The jupyter notebook highd_scenarios.ipynb presents the results of all scenarios. The jupyter notebook single_scenario.ipynb can be used to animate results and show some additional plots specifically for a single result.

INSTALL AND DEPENDENCIES

We used python3.8, but other versions of python might work as well. First, install commonroad and pandas:

  • $ pip install commonroad-all
  • $ pip install pandas

Then clone this repo anywhere you want using $ git clone https://github.com/haastregt/occlusion_tracking.git in the directory where you want it.

If you want to use the code as-is, you can move the file occlusion_tracking/occlusion_package/install/py_occlusions.cpython-38-x86_64-linux-gnu.so to your python libraries folder, which is likely located at ~/.local/lib/python3.8/site-packages. If you have trouble finding it, you can run $ python3 -c "import sys; print(next(p for p in sys.path if 'site-packages' in p))" in the terminal.

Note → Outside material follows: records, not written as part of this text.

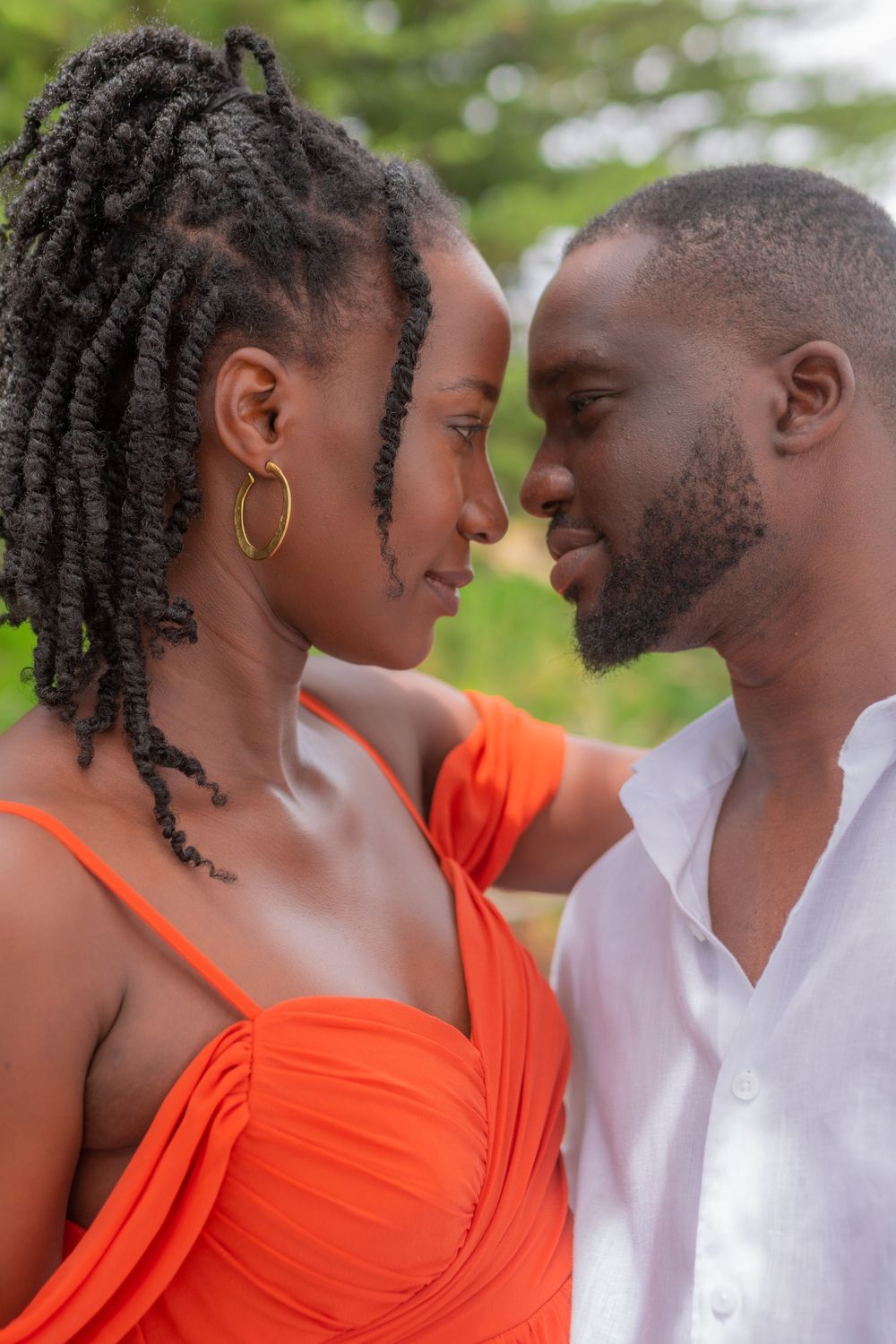 Close romantic portrait of an African couple facing each other outdoors in nature.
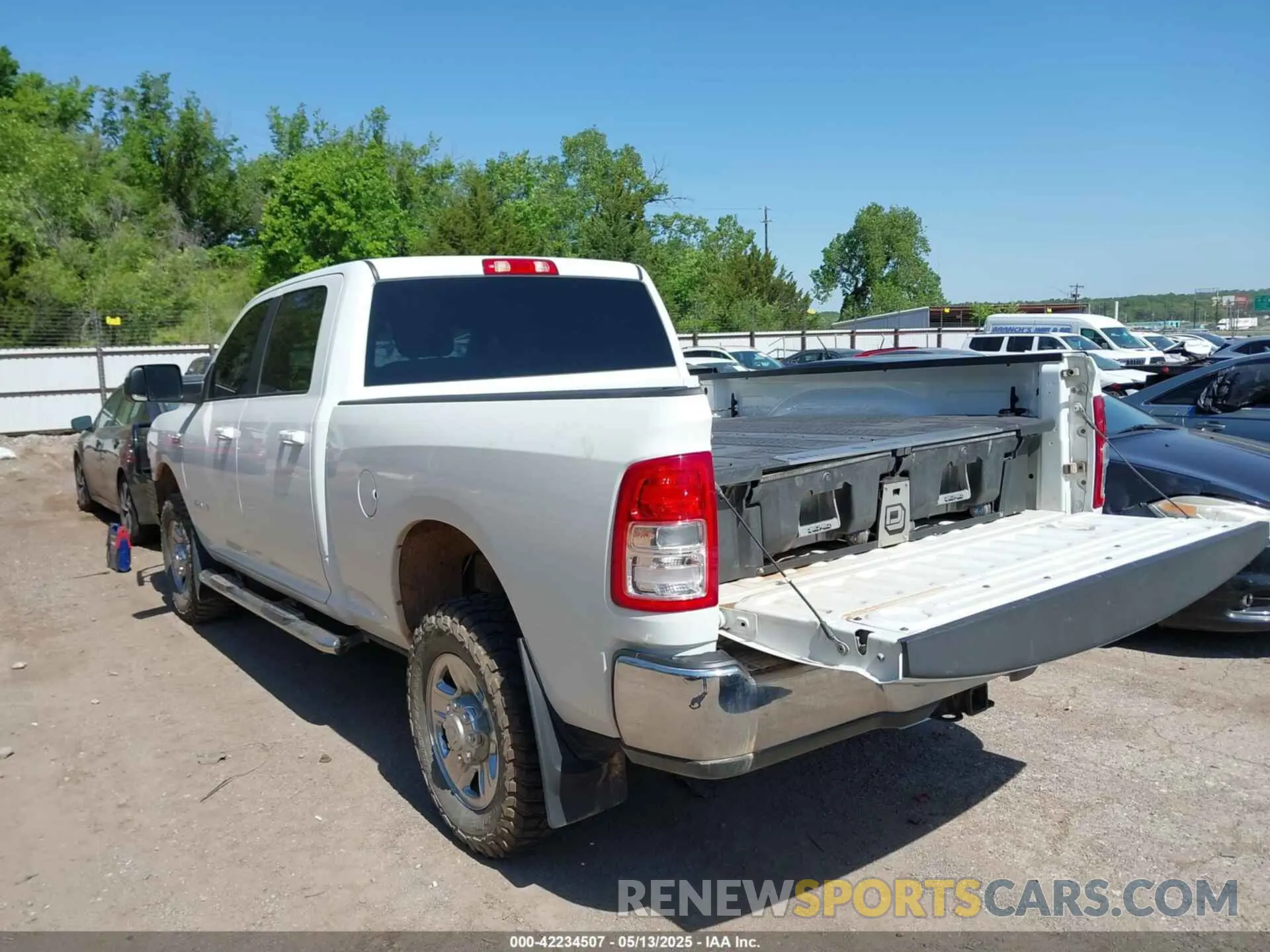 3 Photograph of a damaged car 3C6UR5DJ9MG656715 RAM 2500 2021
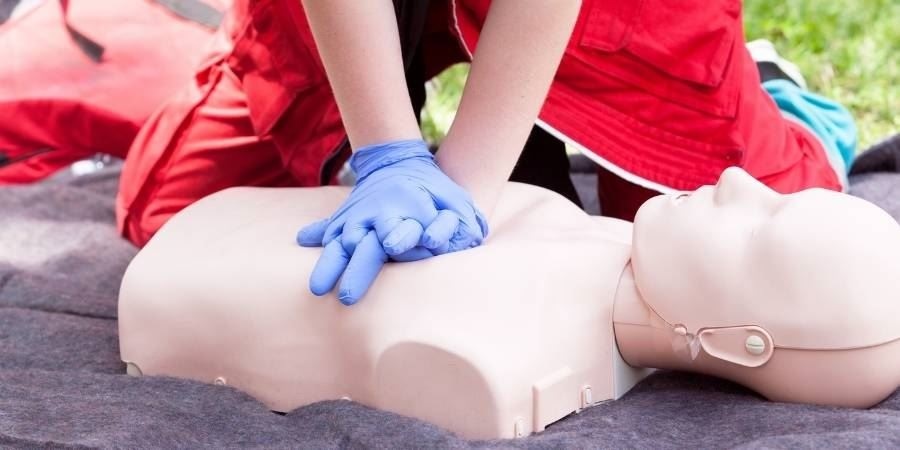 Photo of person's hands doing chest compressions on dummy.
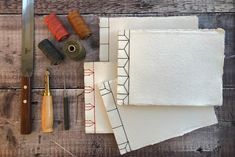 sewing supplies laid out on top of a wooden table with scissors, thread and paper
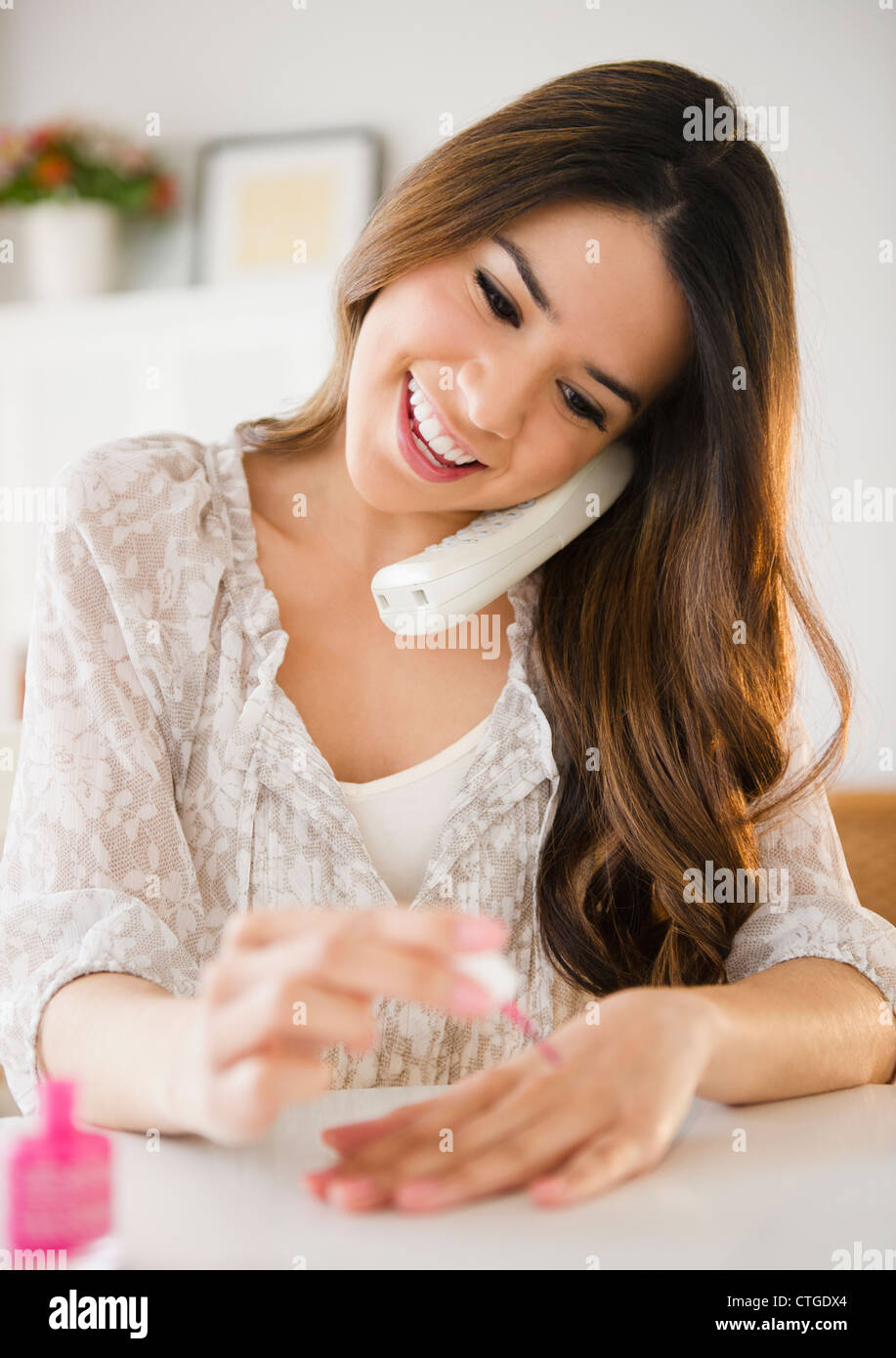 Donna ispanica parlando al telefono e pittura le unghie Foto Stock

You can now run any of the notebooks that are included in this repo.

MODIFYING CODE

If you want to change the reachability code, you will need to rebuild the python interface. You can do so as follows:

  • Build the Docker image by running $ docker build -t cgal_552 . from the root directory of this repo.
  • In the file compile_package.sh, make sure to set the correct path for your python libraries folder ('site_packages'), and save it. If you have trouble finding this path, you can run $ python3 -c "import sys; print(next(p for p in sys.path if 'site-packages' in p))" in the terminal.
  • When you are ready to compile the code, run $ sudo compile_package.sh from the root directory of this repo. You can now run any of the notebooks with updated code.

REPRODUCING RESULTS

The scenarios used are retrieved from the HighD dataset. This dataset is not public but can be requested at https://www.highd-dataset.com/. The retrieved scenarios could not be shared here, so only the results are saved in the pickle file. If you want to reproduce the results, you will need to request the dataset, and can then extract the simulated scenarios as follows:

  • Navigate to occlusion_tracking/scenarios/scenario_setup
  • Run $ python3 create_scenarios.py [path_to_dataset] ../ You can now run the script simulate_all_scenarios.py located in the root folder of this repo to resimulate all scenarios.

The four scenarios shown in the thesis do have information considering the scenario, and can be animated. These results files are stored seperately in the results folder.